Aim of the task
Once the pictures are set aside, transcribe the remaining data exactly.

Data provided

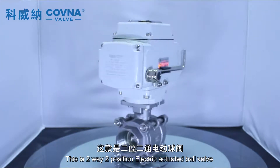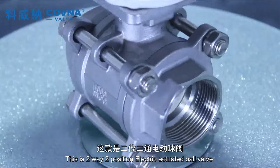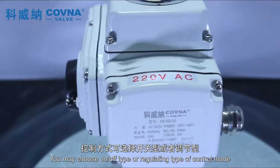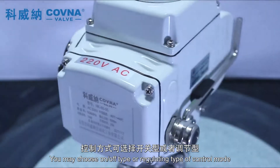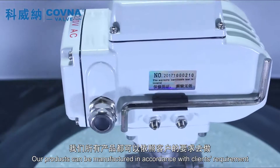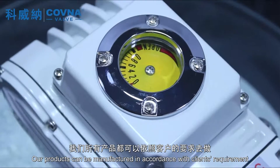This is a two-way position electric actuated ball valve with female thread end connection. You may choose an on/off type or regulating type of control mode. Our products can be manufactured in accordance with client's requirements.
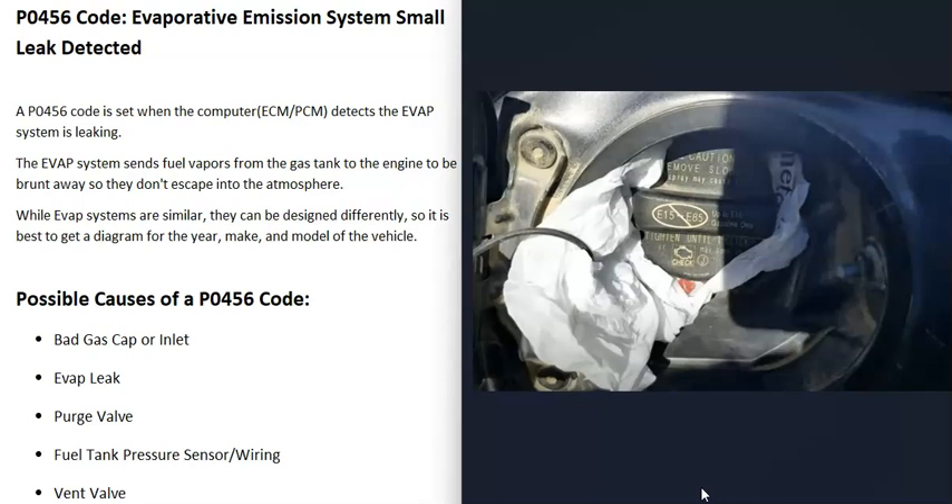One thing you can do with a standard gas cap is take a plastic bag, put a hole in it, double it up four or five times, put it around the gas cap, and tighten it up so it seals. Then clear the code and see if it comes back. It could take two to three, four, or five days for the computer to test the system again. It's best to wait at least three or four days to know if the code cleared, since the computer may run its test at a specific time like two in the morning.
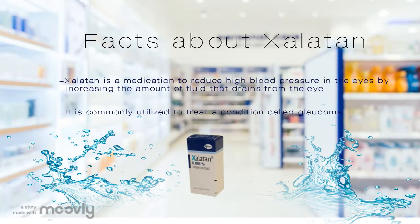Zelatin is a medication for the eyes to reduce the pressure in the eyes. It is commonly used to treat glaucoma. In this video, we will demonstrate how Zelatin eye drops can be applied to the eyes.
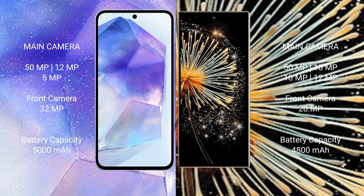The Samsung Galaxy A55 features a triple rear camera setup of 50MP plus 12MP plus 5MP, and a 32MP front camera. The Xiaomi Mix Fold 3 features a quad rear camera setup of 50MP plus 10MP plus 10MP plus 12MP.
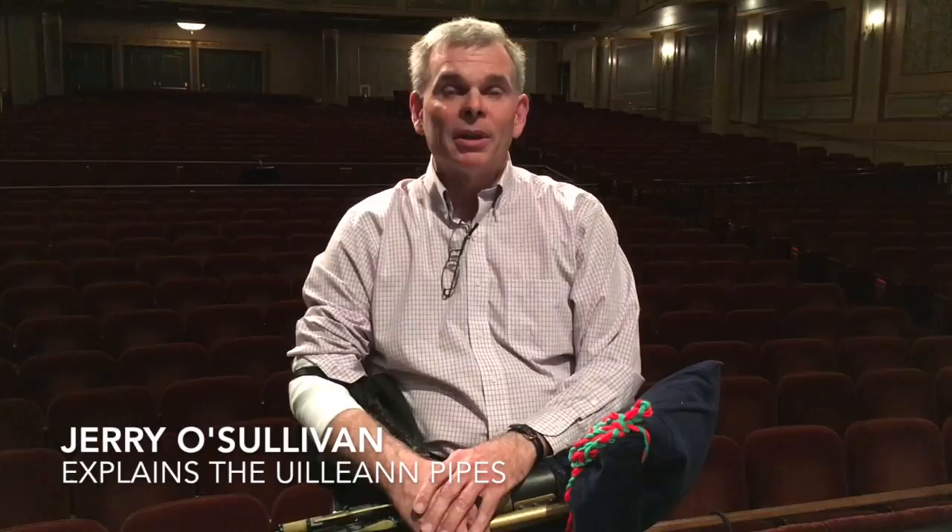I'm Gerry O'Sullivan, and I play the Uilleann Pipes. They're a bellows-blown bagpipe, and there's a lot of bellows-blown bagpipes in the European tradition. They usually don't get the press that the Scottish Highland Pipes get, but traditionally played for dancing, slow pieces too.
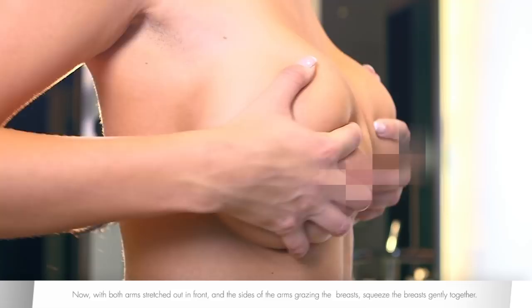Now, with both arms stretched out in front and the sides of the arms grazing the breasts, squeeze the breasts gently together.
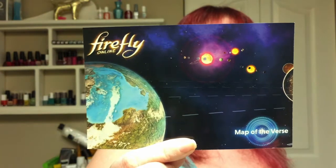Next thing we have — I see a photograph of Firefly Online, and I love Firefly. So sad they canceled it — bring Firefly back, seriously. This is a code to get Firefly Online for free. Awesome sauce! Super excited. So Firefly Online for free in this box this month — excellent.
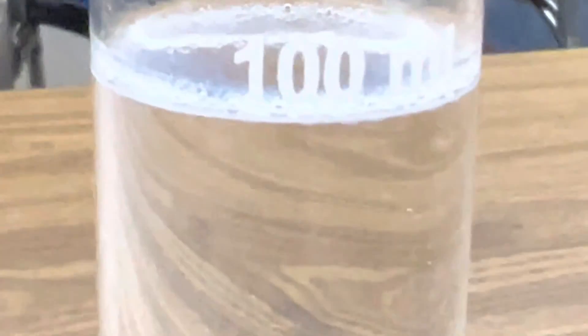Now we're ready for the reaction. This is a double displacement reaction, and as we add that ferrous sulfate to the sodium hydroxide, you'll see the precipitation of ferric hydroxide.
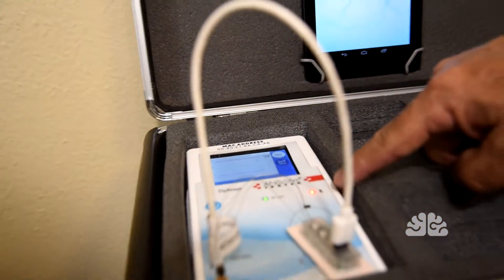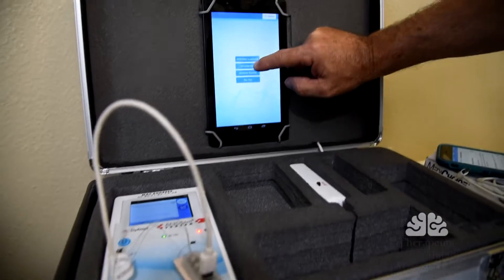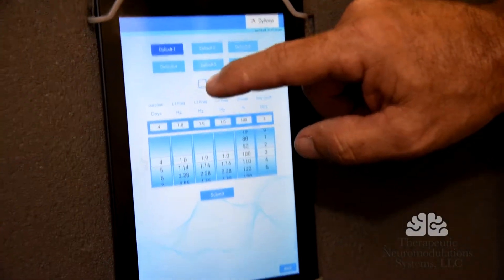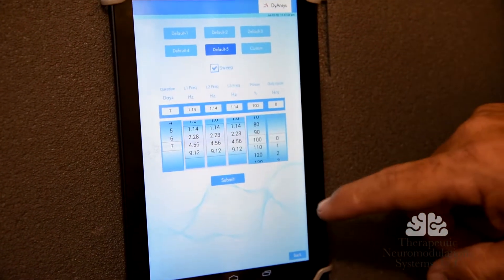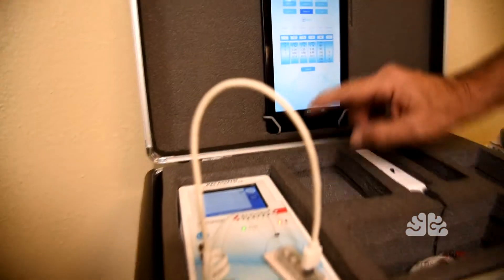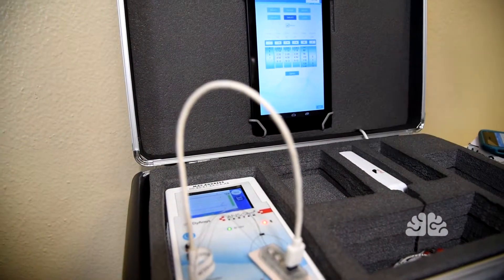Now we're going to ask it to tie this tablet into this programmer and searching. Now you see the red light? Yeah. So we're going to go ahead and input the data. We're going to detox and we're going to hit default five. That is going to give us all the parameters that we need. When we hit this button, it will program this device. It says command sent.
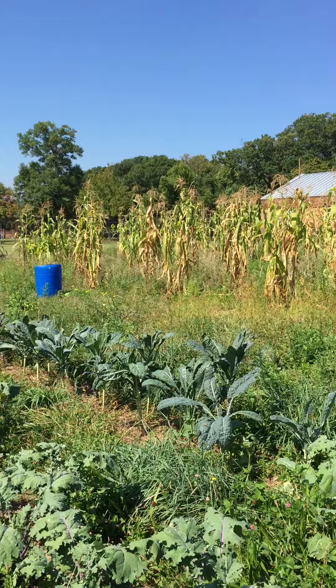We are in Valhalla, New York at the Woodfield Secure Detention, a juvenile detention center in Westchester County. This is our garden and today we're talking about cover crops.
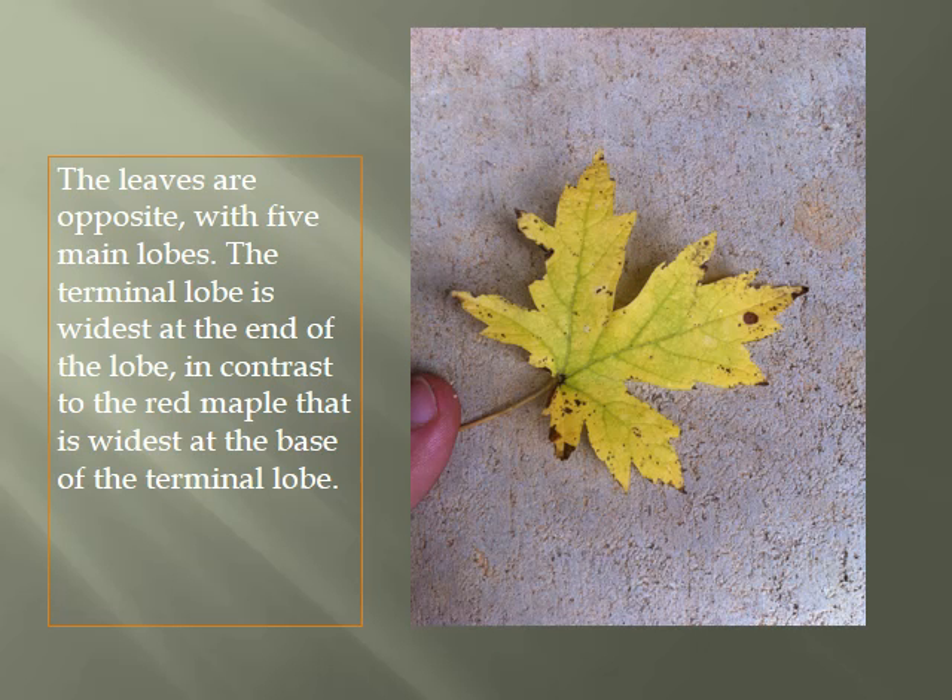The leaves of the Florida Maple are opposite with five main lobes. The terminal lobe is widest at the end of the lobe, in contrast to the red maple, which is widest at the base of the terminal lobe.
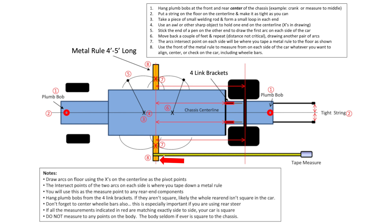I highly recommend hanging a plumb bob off of both four-link brackets, obviously in the same location on each bracket. Hang a plumb bob down to the floor so that you can mark those points, then measure from the metal rule to each point. Now you can determine whether your chassis is square. Hopefully your four-link brackets on the chassis are the same distance from the metal rule.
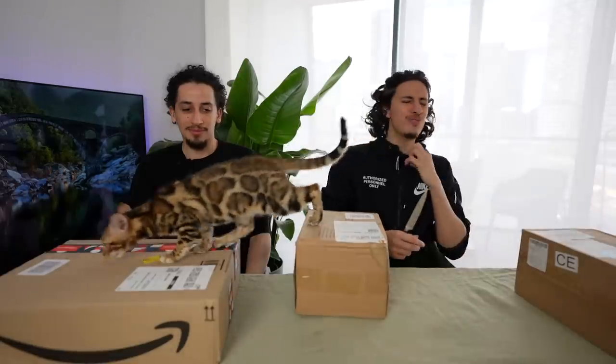Guys, guess what we're doing today? We're not doing cooking, we're actually doing a pottery video for the first time. Neither of us have done pottery before, we're gonna try it. Kenzie just farted. All right, so we'll do some unboxing.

Solution to the exercise
This is a two-way position electric actuated ball valve with female thread end connection. You may choose an on/off type or regulating type of control mode. Our products can be manufactured in accordance with client's requirements.
One thing you can do with a standard gas cap is take a plastic bag, put a hole in it, double it up four or five times, put it around the gas cap, and tighten it up so it seals. Then clear the code and see if it comes back. It could take two to three, four, or five days for the computer to test the system again. It's best to wait at least three or four days to know if the code cleared, since the computer may run its test at a specific time like two in the morning.
Zelatin is a medication for the eyes to reduce the pressure in the eyes. It is commonly used to treat glaucoma. In this video, we will demonstrate how Zelatin eye drops can be applied to the eyes.
The Samsung Galaxy A55 features a triple rear camera setup of 50MP plus 12MP plus 5MP, and a 32MP front camera. The Xiaomi Mix Fold 3 features a quad rear camera setup of 50MP plus 10MP plus 10MP plus 12MP.
I'm Gerry O'Sullivan, and I play the Uilleann Pipes. They're a bellows-blown bagpipe, and there's a lot of bellows-blown bagpipes in the European tradition. They usually don't get the press that the Scottish Highland Pipes get, but traditionally played for dancing, slow pieces too.
Now, with both arms stretched out in front and the sides of the arms grazing the breasts, squeeze the breasts gently together.
Next thing we have — I see a photograph of Firefly Online, and I love Firefly. So sad they canceled it — bring Firefly back, seriously. This is a code to get Firefly Online for free. Awesome sauce! Super excited. So Firefly Online for free in this box this month — excellent.
Now we're ready for the reaction. This is a double displacement reaction, and as we add that ferrous sulfate to the sodium hydroxide, you'll see the precipitation of ferric hydroxide.
Now we're going to ask it to tie this tablet into this programmer and searching. Now you see the red light? Yeah. So we're going to go ahead and input the data. We're going to detox and we're going to hit default five. That is going to give us all the parameters that we need. When we hit this button, it will program this device. It says command sent.
We are in Valhalla, New York at the Woodfield Secure Detention, a juvenile detention center in Westchester County. This is our garden and today we're talking about cover crops.
The leaves of the Florida Maple are opposite with five main lobes. The terminal lobe is widest at the end of the lobe, in contrast to the red maple, which is widest at the base of the terminal lobe.
I highly recommend hanging a plumb bob off of both four-link brackets, obviously in the same location on each bracket. Hang a plumb bob down to the floor so that you can mark those points, then measure from the metal rule to each point. Now you can determine whether your chassis is square. Hopefully your four-link brackets on the chassis are the same distance from the metal rule.
Guys, guess what we're doing today? We're not doing cooking, we're actually doing a pottery video for the first time. Neither of us have done pottery before, we're gonna try it. Kenzie just farted. All right, so we'll do some unboxing.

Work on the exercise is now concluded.